Home prices rose just 1.3 percent in 2025, the slowest pace of appreciation in over 15 years, according to data released Tuesday by S&P Dow Jones Indices.
The S&P CoreLogic Case-Shiller National Home Price Index recorded a 1.3 percent year-over-year increase in December, down from 1.4 percent in November. For the full year, national home prices grew just 1.3 percent—the weakest full-year gain since 2011, when prices dropped 3.9 percent.
The deceleration represents a sharp reversal from the Biden-era inflationary housing price surge, when annual price gains regularly exceeded 10 percent in 2021 and 2022. The 2025 increase is also well below the 6.6 percent average annual gain recorded over the prior decade.
With inflation running at 2.7 percent in 2025, home prices rose at a slower rate than the broader cost of living for the first time in over a decade. The result: homes became more affordable in real terms, with wages and savings gaining ground relative to housing costs.
Housing affordability emerged as a top concern for voters heading into the 2024 election. A Redfin survey from October 2024 found that 82 percent of prospective homebuyers said affordability would influence their vote, as surging prices had priced millions of Americans out of homeownership.

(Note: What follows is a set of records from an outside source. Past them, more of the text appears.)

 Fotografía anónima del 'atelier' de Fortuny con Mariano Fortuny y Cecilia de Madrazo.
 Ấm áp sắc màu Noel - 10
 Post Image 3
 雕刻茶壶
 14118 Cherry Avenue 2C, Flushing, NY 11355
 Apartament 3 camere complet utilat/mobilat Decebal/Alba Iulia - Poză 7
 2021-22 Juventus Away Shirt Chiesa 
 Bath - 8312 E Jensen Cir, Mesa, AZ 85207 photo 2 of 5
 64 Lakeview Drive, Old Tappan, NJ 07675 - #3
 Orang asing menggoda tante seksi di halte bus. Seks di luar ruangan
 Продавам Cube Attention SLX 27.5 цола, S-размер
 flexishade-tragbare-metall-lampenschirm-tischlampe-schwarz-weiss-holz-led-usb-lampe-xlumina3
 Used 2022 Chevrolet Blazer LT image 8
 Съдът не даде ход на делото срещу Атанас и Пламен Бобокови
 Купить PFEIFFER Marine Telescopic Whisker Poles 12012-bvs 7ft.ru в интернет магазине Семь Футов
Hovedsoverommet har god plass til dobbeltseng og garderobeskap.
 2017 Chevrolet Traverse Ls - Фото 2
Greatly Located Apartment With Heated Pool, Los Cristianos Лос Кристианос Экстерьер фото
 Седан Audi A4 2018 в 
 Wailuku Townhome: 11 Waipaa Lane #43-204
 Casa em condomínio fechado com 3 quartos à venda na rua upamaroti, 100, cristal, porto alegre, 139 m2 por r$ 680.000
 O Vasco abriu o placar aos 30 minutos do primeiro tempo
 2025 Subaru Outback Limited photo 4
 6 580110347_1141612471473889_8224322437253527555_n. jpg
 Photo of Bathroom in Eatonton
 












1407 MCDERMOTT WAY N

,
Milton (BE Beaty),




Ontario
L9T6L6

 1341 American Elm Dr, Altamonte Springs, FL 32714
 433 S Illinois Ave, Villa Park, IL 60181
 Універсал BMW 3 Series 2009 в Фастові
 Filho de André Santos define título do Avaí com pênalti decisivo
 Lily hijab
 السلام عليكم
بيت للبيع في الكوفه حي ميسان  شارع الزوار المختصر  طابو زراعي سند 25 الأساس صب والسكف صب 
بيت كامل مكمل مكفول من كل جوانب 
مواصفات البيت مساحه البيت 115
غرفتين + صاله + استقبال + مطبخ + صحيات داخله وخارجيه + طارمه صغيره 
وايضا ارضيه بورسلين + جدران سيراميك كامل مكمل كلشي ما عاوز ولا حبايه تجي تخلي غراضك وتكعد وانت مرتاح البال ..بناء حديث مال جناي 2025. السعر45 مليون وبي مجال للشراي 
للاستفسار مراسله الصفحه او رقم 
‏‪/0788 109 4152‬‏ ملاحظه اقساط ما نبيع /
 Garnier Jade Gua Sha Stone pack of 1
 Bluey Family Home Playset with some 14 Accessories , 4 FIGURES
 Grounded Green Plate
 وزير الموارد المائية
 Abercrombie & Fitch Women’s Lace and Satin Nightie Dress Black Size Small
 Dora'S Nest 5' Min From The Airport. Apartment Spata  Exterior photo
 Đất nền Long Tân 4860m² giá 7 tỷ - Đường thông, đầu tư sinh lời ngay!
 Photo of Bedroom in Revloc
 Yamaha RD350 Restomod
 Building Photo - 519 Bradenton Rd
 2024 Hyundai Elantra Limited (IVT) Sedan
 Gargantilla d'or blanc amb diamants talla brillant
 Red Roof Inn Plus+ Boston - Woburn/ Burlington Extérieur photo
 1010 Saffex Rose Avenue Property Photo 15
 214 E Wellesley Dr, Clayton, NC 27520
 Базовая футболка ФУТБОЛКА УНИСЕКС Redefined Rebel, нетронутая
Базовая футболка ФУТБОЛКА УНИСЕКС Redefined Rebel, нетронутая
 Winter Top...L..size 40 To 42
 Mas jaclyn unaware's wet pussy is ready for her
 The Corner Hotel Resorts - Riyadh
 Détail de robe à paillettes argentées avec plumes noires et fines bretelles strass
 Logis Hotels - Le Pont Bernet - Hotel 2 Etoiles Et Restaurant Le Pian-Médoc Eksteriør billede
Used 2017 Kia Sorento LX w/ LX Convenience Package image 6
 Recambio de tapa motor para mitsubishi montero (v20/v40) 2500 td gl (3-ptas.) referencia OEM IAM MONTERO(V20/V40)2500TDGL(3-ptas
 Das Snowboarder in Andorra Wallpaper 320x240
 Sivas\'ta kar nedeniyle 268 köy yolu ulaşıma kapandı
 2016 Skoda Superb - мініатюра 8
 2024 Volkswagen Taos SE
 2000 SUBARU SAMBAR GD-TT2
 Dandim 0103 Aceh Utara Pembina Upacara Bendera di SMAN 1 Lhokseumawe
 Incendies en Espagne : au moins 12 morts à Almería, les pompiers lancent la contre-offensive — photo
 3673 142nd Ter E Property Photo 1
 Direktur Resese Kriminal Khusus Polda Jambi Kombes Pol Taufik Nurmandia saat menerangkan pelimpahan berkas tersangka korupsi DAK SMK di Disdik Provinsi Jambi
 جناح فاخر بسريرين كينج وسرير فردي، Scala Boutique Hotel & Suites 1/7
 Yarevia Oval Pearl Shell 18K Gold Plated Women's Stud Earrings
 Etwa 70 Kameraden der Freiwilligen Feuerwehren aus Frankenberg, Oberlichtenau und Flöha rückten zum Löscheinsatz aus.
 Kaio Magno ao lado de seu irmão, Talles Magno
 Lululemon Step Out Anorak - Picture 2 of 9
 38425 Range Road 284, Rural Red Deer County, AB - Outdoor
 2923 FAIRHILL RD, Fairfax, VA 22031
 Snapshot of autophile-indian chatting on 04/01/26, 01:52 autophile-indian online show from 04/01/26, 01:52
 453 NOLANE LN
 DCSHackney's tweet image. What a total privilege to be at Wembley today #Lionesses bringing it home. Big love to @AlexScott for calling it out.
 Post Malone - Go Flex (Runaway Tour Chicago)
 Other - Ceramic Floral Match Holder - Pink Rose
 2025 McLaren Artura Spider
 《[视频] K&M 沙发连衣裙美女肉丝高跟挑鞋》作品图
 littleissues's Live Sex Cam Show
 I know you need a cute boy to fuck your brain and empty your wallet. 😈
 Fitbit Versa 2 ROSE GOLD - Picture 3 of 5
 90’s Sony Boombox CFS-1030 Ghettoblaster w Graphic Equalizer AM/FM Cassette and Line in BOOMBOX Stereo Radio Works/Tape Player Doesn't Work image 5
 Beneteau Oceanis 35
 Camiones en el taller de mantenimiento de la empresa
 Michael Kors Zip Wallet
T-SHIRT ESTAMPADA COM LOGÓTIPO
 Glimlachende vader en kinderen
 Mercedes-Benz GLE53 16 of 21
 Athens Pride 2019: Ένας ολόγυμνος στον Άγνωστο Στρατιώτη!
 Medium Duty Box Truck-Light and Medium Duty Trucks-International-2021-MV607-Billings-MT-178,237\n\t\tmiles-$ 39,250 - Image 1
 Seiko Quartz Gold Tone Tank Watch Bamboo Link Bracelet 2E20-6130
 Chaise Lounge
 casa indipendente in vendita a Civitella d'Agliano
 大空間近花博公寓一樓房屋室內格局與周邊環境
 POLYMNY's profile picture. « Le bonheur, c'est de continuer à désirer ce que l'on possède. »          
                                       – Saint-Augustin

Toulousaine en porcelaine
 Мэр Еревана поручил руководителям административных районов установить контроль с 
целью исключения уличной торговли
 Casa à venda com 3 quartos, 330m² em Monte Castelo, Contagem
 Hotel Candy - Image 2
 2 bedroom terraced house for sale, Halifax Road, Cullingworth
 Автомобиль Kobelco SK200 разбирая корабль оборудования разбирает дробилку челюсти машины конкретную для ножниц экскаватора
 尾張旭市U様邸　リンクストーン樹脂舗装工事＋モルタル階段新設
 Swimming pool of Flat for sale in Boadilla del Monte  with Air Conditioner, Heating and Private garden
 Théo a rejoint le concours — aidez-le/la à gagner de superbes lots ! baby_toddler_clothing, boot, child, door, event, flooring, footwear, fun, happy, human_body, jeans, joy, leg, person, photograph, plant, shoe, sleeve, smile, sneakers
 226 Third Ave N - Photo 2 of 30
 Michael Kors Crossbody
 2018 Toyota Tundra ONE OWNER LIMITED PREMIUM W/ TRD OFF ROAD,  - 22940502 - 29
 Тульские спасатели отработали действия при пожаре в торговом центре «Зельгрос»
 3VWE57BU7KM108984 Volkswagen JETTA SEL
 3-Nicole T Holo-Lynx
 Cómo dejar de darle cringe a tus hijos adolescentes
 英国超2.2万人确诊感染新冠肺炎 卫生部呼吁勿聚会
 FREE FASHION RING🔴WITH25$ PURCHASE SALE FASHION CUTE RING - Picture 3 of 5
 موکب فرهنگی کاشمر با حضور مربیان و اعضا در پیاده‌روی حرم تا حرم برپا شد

“National home prices grew just 1.3% for the year—the weakest full-year gain since 2011,” said Nicholas Godec, head of fixed income tradables and commodities at S&P Dow Jones Indices. “Two structural forces have reshaped the market over recent years: mortgage rates and inflation.”
The Trump administration’s immigration enforcement is likely playing a role in stabilizing the housing market, with hundreds of thousands of illegal aliens exiting the U.S. housing market, freeing up supply for legal residents and U.S. citizens.
The 30-year mortgage rate closed 2025 at 6.15 percent, sharply down from the 6.85 percent rate a year earlier and the 7.8 percent hit in the third year of Biden’s presidency.
The 10-city index rose 1.9 percent year-over-year to 357.32, while the 20-city index increased 1.4 percent to 336.89. Both indexes declined 0.1 percent month-over-month before seasonal adjustment.